> EXERCISE INPUT:
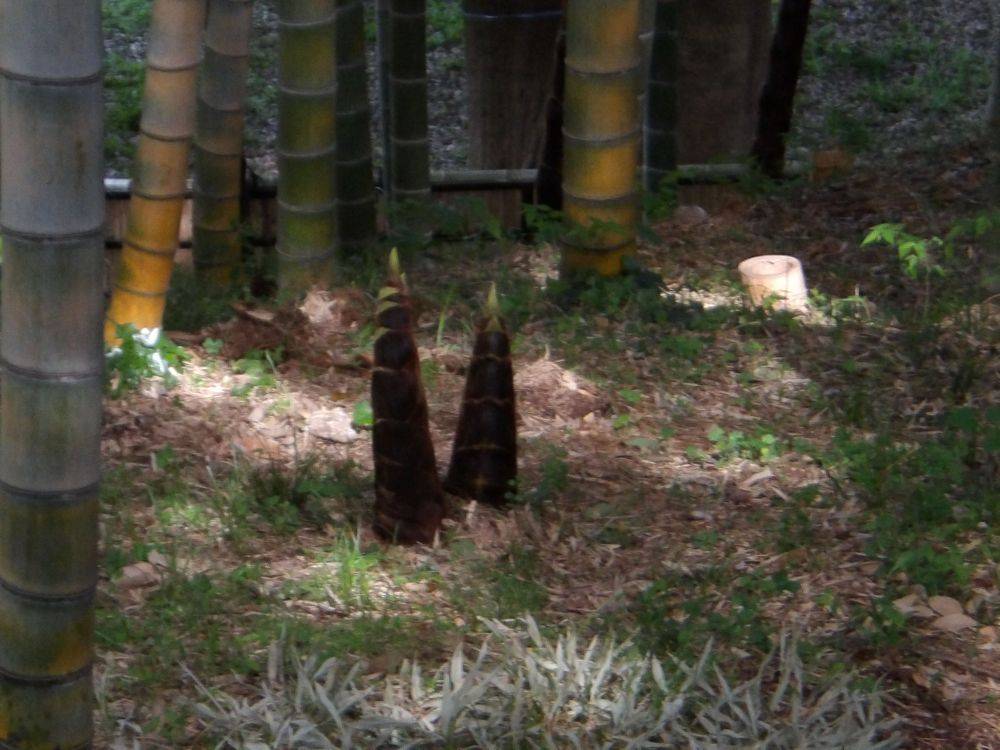 タケノコ1.jpg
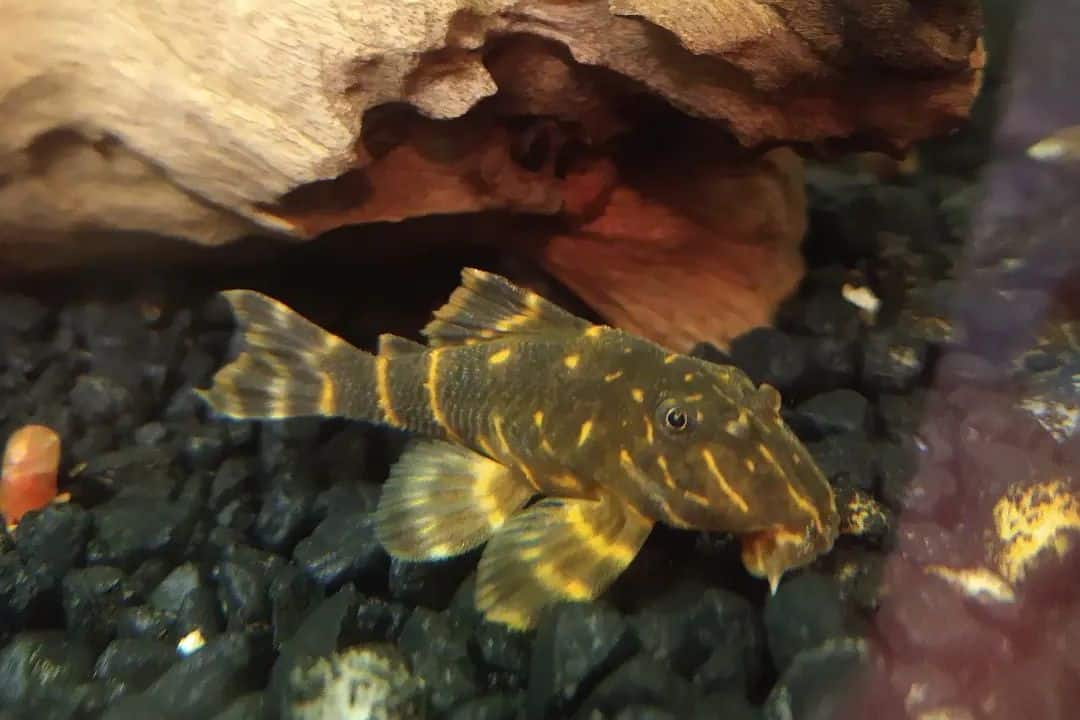 Clown Pleco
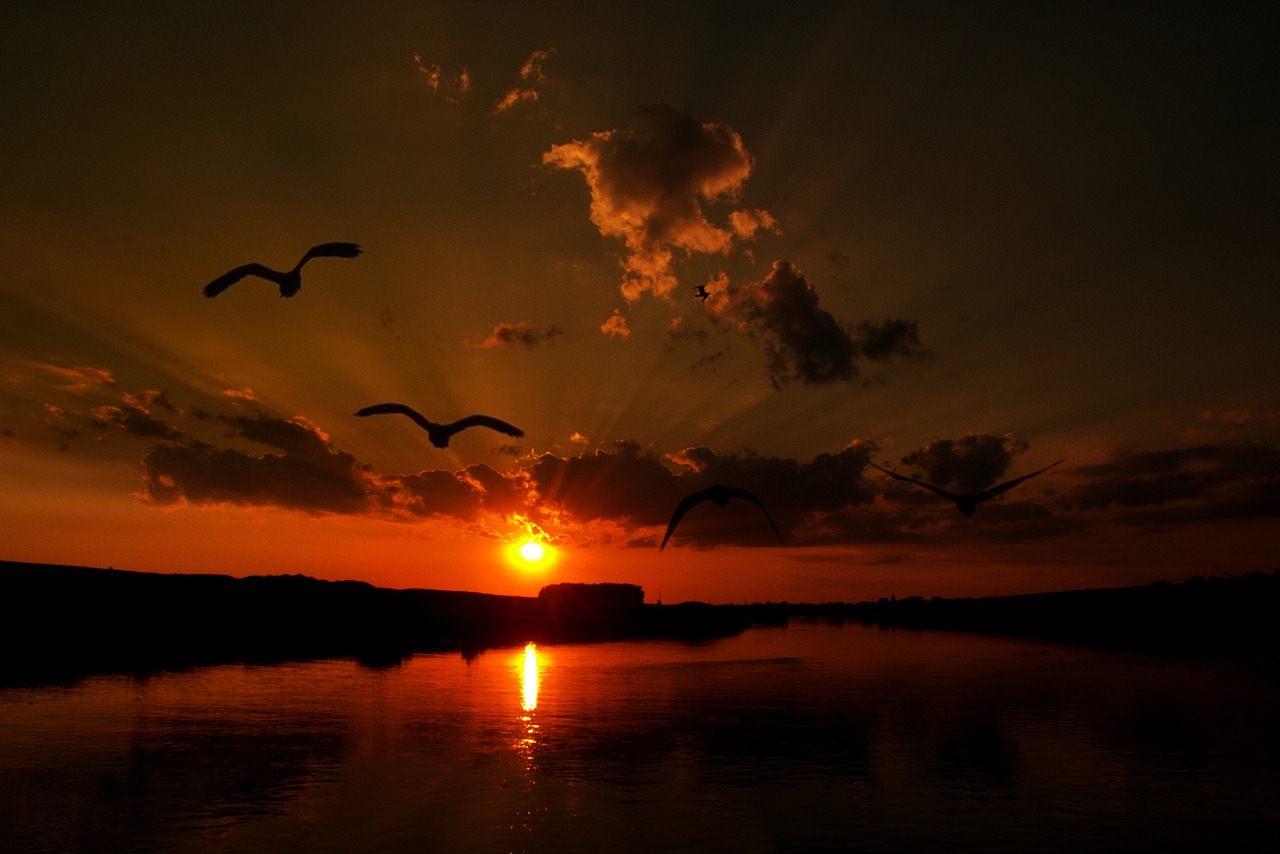 sunset cloud birds free photo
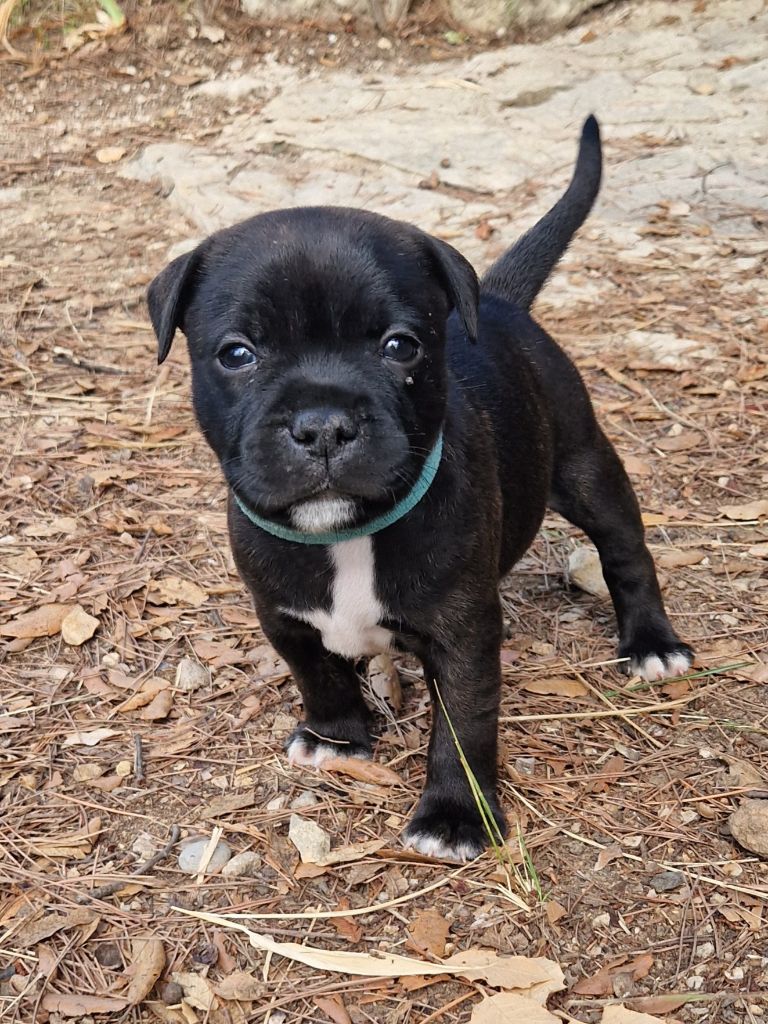 Harmonia Staff - Chiots disponibles - Staffordshire Bull Terrier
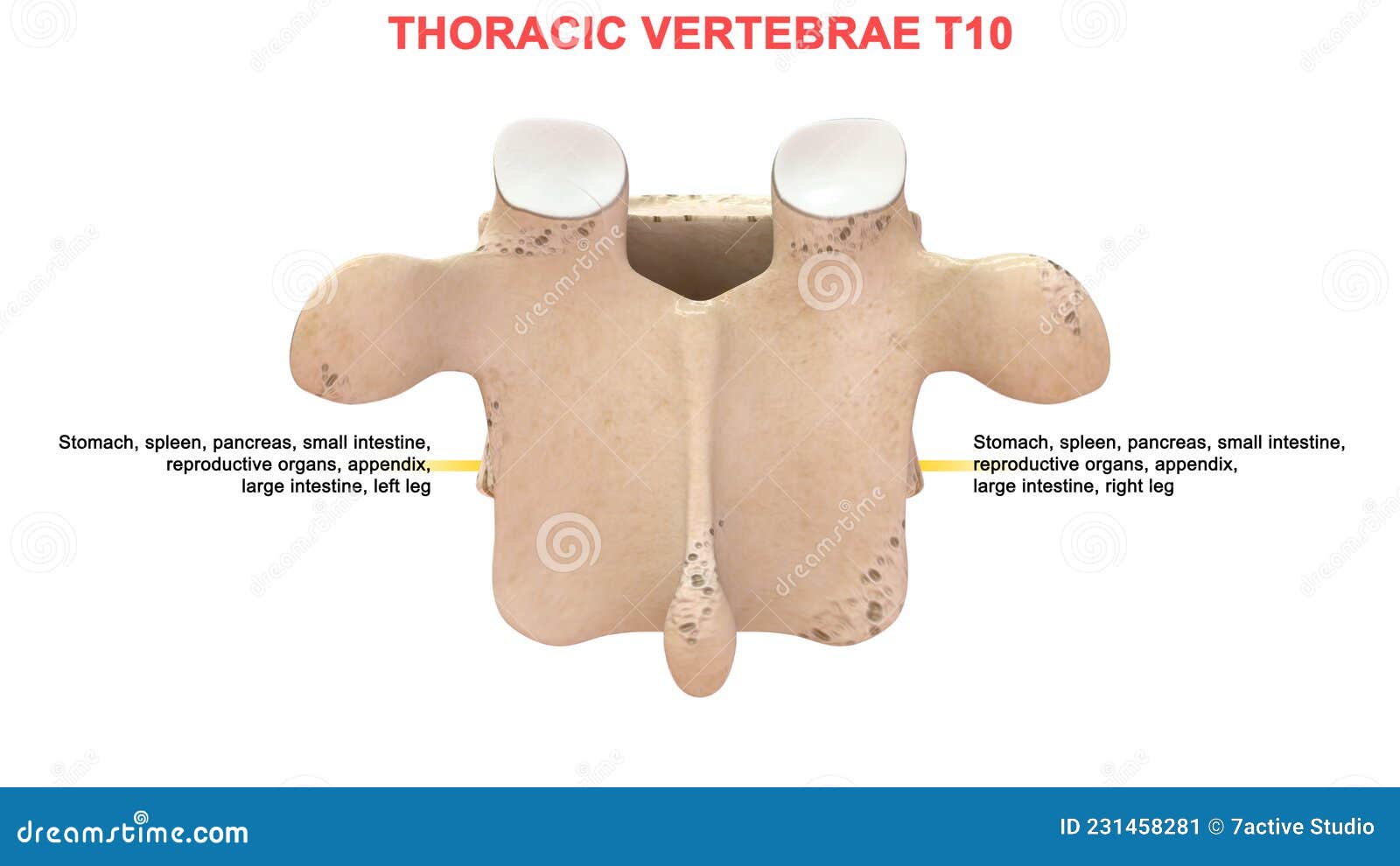 thoracic vertebrae or thoracic spine bone t10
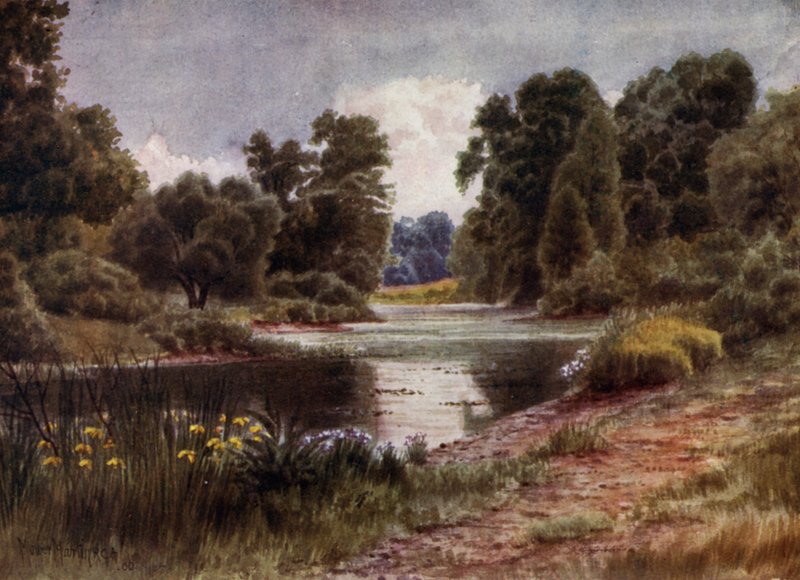 Kew Gardens: The Lake, Looking South (färg litho) av Thomas Mower Martin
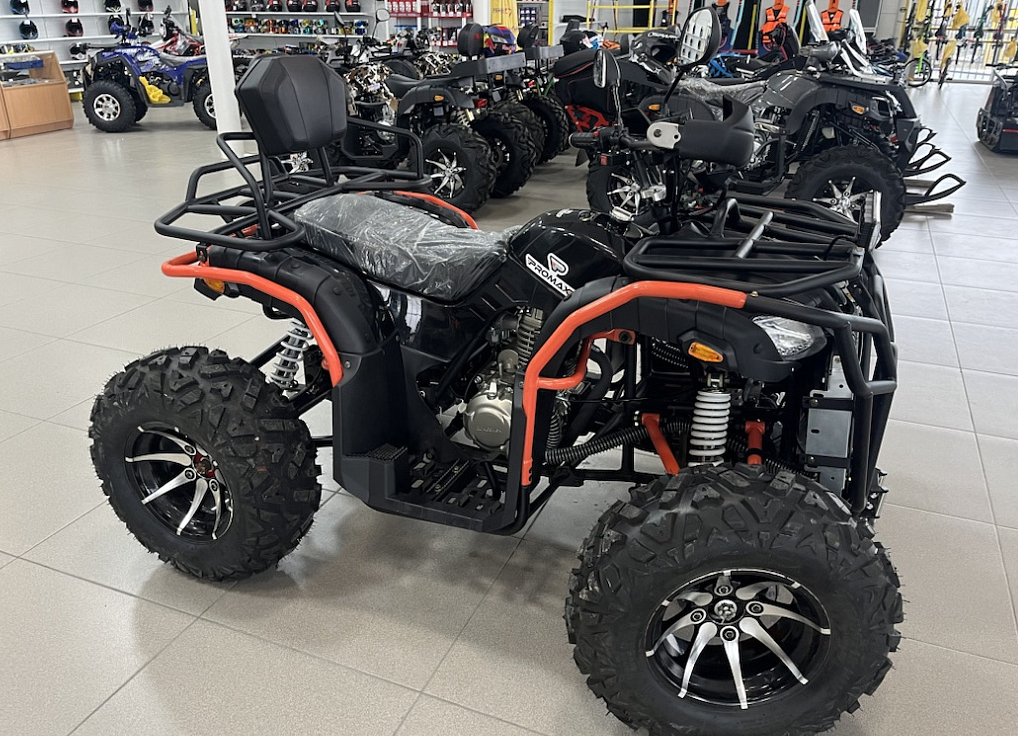 Квадроцикл PROMAX 300 4X4 ALL ROAD в Москве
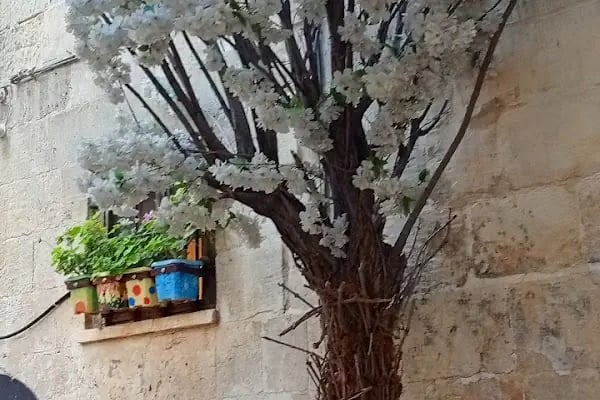 Tarihi Bey Mahallesi - Resim 15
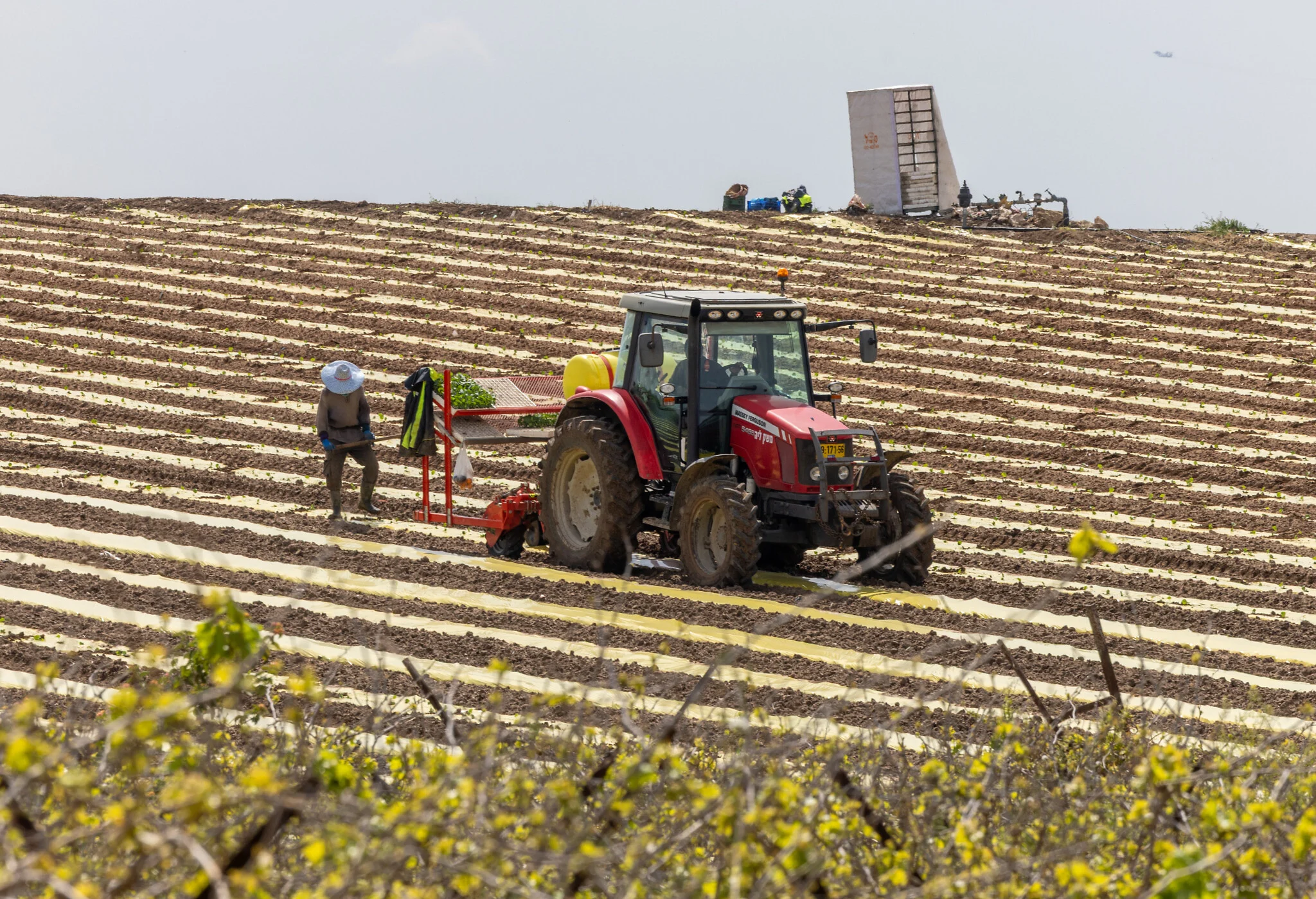 Israel presenta su primer plan de seguridad alimentaria a 25 años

> PROBLEM DETAILS: In the copy, omit the pictures and reproduce every entry exactly.

> EXERCISE RESPONSE:
 タケノコ1.jpg
 Clown Pleco
 sunset cloud birds free photo
 Harmonia Staff - Chiots disponibles - Staffordshire Bull Terrier
 thoracic vertebrae or thoracic spine bone t10
 Kew Gardens: The Lake, Looking South (färg litho) av Thomas Mower Martin
 Квадроцикл PROMAX 300 4X4 ALL ROAD в Москве
 Tarihi Bey Mahallesi - Resim 15
 Israel presenta su primer plan de seguridad alimentaria a 25 años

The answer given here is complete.